_Data supplied_.
┌──
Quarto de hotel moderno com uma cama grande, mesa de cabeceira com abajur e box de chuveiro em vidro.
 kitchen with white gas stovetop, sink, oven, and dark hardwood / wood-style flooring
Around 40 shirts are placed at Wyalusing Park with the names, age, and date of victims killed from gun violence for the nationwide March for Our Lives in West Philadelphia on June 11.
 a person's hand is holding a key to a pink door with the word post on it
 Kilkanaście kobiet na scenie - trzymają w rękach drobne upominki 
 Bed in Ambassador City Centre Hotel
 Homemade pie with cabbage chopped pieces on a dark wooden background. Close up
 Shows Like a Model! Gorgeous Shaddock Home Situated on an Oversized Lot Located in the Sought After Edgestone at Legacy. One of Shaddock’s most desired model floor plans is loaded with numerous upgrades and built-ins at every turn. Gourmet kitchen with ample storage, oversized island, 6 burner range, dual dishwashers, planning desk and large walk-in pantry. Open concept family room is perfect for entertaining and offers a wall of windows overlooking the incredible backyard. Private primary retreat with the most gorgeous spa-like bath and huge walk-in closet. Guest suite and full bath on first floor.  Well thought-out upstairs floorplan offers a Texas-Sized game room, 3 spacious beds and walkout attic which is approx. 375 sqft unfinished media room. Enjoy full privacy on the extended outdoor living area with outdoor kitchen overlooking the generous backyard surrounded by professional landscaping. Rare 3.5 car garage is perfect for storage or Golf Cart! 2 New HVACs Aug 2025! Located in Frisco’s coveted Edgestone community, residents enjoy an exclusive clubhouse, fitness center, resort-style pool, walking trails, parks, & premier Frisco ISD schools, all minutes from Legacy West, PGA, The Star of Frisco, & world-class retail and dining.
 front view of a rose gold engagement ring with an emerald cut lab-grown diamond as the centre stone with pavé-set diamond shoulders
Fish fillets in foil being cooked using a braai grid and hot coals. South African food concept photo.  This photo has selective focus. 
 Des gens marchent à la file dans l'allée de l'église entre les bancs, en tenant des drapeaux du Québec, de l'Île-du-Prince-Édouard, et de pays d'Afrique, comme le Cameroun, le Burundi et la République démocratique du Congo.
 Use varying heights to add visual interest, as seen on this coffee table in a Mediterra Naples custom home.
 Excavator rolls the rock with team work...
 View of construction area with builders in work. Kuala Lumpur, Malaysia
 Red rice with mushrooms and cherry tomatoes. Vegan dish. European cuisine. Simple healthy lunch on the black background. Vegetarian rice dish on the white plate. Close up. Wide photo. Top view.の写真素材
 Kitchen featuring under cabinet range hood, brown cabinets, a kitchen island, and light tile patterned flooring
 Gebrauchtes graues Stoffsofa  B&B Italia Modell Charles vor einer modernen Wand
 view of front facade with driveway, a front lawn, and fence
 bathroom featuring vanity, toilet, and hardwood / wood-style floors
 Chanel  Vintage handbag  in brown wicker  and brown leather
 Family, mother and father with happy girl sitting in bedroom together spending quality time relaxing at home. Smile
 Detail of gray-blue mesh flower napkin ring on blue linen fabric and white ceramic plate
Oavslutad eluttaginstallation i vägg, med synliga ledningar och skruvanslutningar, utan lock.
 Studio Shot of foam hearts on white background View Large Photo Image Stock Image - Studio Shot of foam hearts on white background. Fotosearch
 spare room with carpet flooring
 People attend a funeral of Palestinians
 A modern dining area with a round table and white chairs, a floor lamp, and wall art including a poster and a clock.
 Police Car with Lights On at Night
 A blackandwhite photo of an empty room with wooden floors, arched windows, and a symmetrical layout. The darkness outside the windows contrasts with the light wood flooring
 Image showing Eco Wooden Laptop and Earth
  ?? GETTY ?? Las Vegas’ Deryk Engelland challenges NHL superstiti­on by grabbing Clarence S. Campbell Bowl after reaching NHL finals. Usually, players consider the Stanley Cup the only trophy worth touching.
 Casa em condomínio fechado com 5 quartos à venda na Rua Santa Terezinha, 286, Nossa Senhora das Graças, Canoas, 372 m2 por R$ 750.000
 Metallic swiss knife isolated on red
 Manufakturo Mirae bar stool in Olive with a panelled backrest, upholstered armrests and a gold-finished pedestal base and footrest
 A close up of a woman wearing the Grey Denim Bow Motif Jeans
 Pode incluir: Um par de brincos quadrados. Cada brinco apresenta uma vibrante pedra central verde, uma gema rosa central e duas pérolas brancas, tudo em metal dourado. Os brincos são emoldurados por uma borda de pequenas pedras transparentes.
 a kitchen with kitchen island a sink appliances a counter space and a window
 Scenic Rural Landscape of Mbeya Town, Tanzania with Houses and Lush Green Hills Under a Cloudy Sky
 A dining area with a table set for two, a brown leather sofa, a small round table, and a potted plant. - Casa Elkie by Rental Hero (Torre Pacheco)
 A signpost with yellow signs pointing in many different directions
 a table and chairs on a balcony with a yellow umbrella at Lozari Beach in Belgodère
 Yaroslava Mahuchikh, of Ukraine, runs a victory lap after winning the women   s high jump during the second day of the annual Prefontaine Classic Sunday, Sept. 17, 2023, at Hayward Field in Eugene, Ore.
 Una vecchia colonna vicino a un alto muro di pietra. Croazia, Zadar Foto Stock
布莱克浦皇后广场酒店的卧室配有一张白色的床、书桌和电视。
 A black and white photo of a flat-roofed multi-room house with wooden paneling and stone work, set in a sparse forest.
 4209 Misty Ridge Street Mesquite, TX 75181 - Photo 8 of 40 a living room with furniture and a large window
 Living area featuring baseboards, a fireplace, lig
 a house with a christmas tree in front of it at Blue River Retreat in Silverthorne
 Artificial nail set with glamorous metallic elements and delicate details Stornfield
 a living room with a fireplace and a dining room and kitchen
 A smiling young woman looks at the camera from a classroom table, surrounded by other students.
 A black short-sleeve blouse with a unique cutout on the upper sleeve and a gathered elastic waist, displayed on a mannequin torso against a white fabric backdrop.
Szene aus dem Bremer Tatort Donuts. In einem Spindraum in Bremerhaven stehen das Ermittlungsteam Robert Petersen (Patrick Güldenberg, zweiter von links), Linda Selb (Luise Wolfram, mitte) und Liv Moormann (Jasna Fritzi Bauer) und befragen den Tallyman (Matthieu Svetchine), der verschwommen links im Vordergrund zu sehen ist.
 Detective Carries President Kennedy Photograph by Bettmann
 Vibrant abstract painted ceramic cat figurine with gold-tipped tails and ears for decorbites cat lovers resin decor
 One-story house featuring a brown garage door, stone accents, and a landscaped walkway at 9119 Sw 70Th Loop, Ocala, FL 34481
└──
_Work instructions_.
Transcribe the listing from start to finish, exactly as given.

_Answer area_.
Quarto de hotel moderno com uma cama grande, mesa de cabeceira com abajur e box de chuveiro em vidro.
 kitchen with white gas stovetop, sink, oven, and dark hardwood / wood-style flooring
Around 40 shirts are placed at Wyalusing Park with the names, age, and date of victims killed from gun violence for the nationwide March for Our Lives in West Philadelphia on June 11.
 a person's hand is holding a key to a pink door with the word post on it
 Kilkanaście kobiet na scenie - trzymają w rękach drobne upominki 
 Bed in Ambassador City Centre Hotel
 Homemade pie with cabbage chopped pieces on a dark wooden background. Close up
 Shows Like a Model! Gorgeous Shaddock Home Situated on an Oversized Lot Located in the Sought After Edgestone at Legacy. One of Shaddock’s most desired model floor plans is loaded with numerous upgrades and built-ins at every turn. Gourmet kitchen with ample storage, oversized island, 6 burner range, dual dishwashers, planning desk and large walk-in pantry. Open concept family room is perfect for entertaining and offers a wall of windows overlooking the incredible backyard. Private primary retreat with the most gorgeous spa-like bath and huge walk-in closet. Guest suite and full bath on first floor.  Well thought-out upstairs floorplan offers a Texas-Sized game room, 3 spacious beds and walkout attic which is approx. 375 sqft unfinished media room. Enjoy full privacy on the extended outdoor living area with outdoor kitchen overlooking the generous backyard surrounded by professional landscaping. Rare 3.5 car garage is perfect for storage or Golf Cart! 2 New HVACs Aug 2025! Located in Frisco’s coveted Edgestone community, residents enjoy an exclusive clubhouse, fitness center, resort-style pool, walking trails, parks, & premier Frisco ISD schools, all minutes from Legacy West, PGA, The Star of Frisco, & world-class retail and dining.
 front view of a rose gold engagement ring with an emerald cut lab-grown diamond as the centre stone with pavé-set diamond shoulders
Fish fillets in foil being cooked using a braai grid and hot coals. South African food concept photo.  This photo has selective focus. 
 Des gens marchent à la file dans l'allée de l'église entre les bancs, en tenant des drapeaux du Québec, de l'Île-du-Prince-Édouard, et de pays d'Afrique, comme le Cameroun, le Burundi et la République démocratique du Congo.
 Use varying heights to add visual interest, as seen on this coffee table in a Mediterra Naples custom home.
 Excavator rolls the rock with team work...
 View of construction area with builders in work. Kuala Lumpur, Malaysia
 Red rice with mushrooms and cherry tomatoes. Vegan dish. European cuisine. Simple healthy lunch on the black background. Vegetarian rice dish on the white plate. Close up. Wide photo. Top view.の写真素材
 Kitchen featuring under cabinet range hood, brown cabinets, a kitchen island, and light tile patterned flooring
 Gebrauchtes graues Stoffsofa  B&B Italia Modell Charles vor einer modernen Wand
 view of front facade with driveway, a front lawn, and fence
 bathroom featuring vanity, toilet, and hardwood / wood-style floors
 Chanel  Vintage handbag  in brown wicker  and brown leather
 Family, mother and father with happy girl sitting in bedroom together spending quality time relaxing at home. Smile
 Detail of gray-blue mesh flower napkin ring on blue linen fabric and white ceramic plate
Oavslutad eluttaginstallation i vägg, med synliga ledningar och skruvanslutningar, utan lock.
 Studio Shot of foam hearts on white background View Large Photo Image Stock Image - Studio Shot of foam hearts on white background. Fotosearch
 spare room with carpet flooring
 People attend a funeral of Palestinians
 A modern dining area with a round table and white chairs, a floor lamp, and wall art including a poster and a clock.
 Police Car with Lights On at Night
 A blackandwhite photo of an empty room with wooden floors, arched windows, and a symmetrical layout. The darkness outside the windows contrasts with the light wood flooring
 Image showing Eco Wooden Laptop and Earth
  ?? GETTY ?? Las Vegas’ Deryk Engelland challenges NHL superstiti­on by grabbing Clarence S. Campbell Bowl after reaching NHL finals. Usually, players consider the Stanley Cup the only trophy worth touching.
 Casa em condomínio fechado com 5 quartos à venda na Rua Santa Terezinha, 286, Nossa Senhora das Graças, Canoas, 372 m2 por R$ 750.000
 Metallic swiss knife isolated on red
 Manufakturo Mirae bar stool in Olive with a panelled backrest, upholstered armrests and a gold-finished pedestal base and footrest
 A close up of a woman wearing the Grey Denim Bow Motif Jeans
 Pode incluir: Um par de brincos quadrados. Cada brinco apresenta uma vibrante pedra central verde, uma gema rosa central e duas pérolas brancas, tudo em metal dourado. Os brincos são emoldurados por uma borda de pequenas pedras transparentes.
 a kitchen with kitchen island a sink appliances a counter space and a window
 Scenic Rural Landscape of Mbeya Town, Tanzania with Houses and Lush Green Hills Under a Cloudy Sky
 A dining area with a table set for two, a brown leather sofa, a small round table, and a potted plant. - Casa Elkie by Rental Hero (Torre Pacheco)
 A signpost with yellow signs pointing in many different directions
 a table and chairs on a balcony with a yellow umbrella at Lozari Beach in Belgodère
 Yaroslava Mahuchikh, of Ukraine, runs a victory lap after winning the women   s high jump during the second day of the annual Prefontaine Classic Sunday, Sept. 17, 2023, at Hayward Field in Eugene, Ore.
 Una vecchia colonna vicino a un alto muro di pietra. Croazia, Zadar Foto Stock
布莱克浦皇后广场酒店的卧室配有一张白色的床、书桌和电视。
 A black and white photo of a flat-roofed multi-room house with wooden paneling and stone work, set in a sparse forest.
 4209 Misty Ridge Street Mesquite, TX 75181 - Photo 8 of 40 a living room with furniture and a large window
 Living area featuring baseboards, a fireplace, lig
 a house with a christmas tree in front of it at Blue River Retreat in Silverthorne
 Artificial nail set with glamorous metallic elements and delicate details Stornfield
 a living room with a fireplace and a dining room and kitchen
 A smiling young woman looks at the camera from a classroom table, surrounded by other students.
 A black short-sleeve blouse with a unique cutout on the upper sleeve and a gathered elastic waist, displayed on a mannequin torso against a white fabric backdrop.
Szene aus dem Bremer Tatort Donuts. In einem Spindraum in Bremerhaven stehen das Ermittlungsteam Robert Petersen (Patrick Güldenberg, zweiter von links), Linda Selb (Luise Wolfram, mitte) und Liv Moormann (Jasna Fritzi Bauer) und befragen den Tallyman (Matthieu Svetchine), der verschwommen links im Vordergrund zu sehen ist.
 Detective Carries President Kennedy Photograph by Bettmann
 Vibrant abstract painted ceramic cat figurine with gold-tipped tails and ears for decorbites cat lovers resin decor
 One-story house featuring a brown garage door, stone accents, and a landscaped walkway at 9119 Sw 70Th Loop, Ocala, FL 34481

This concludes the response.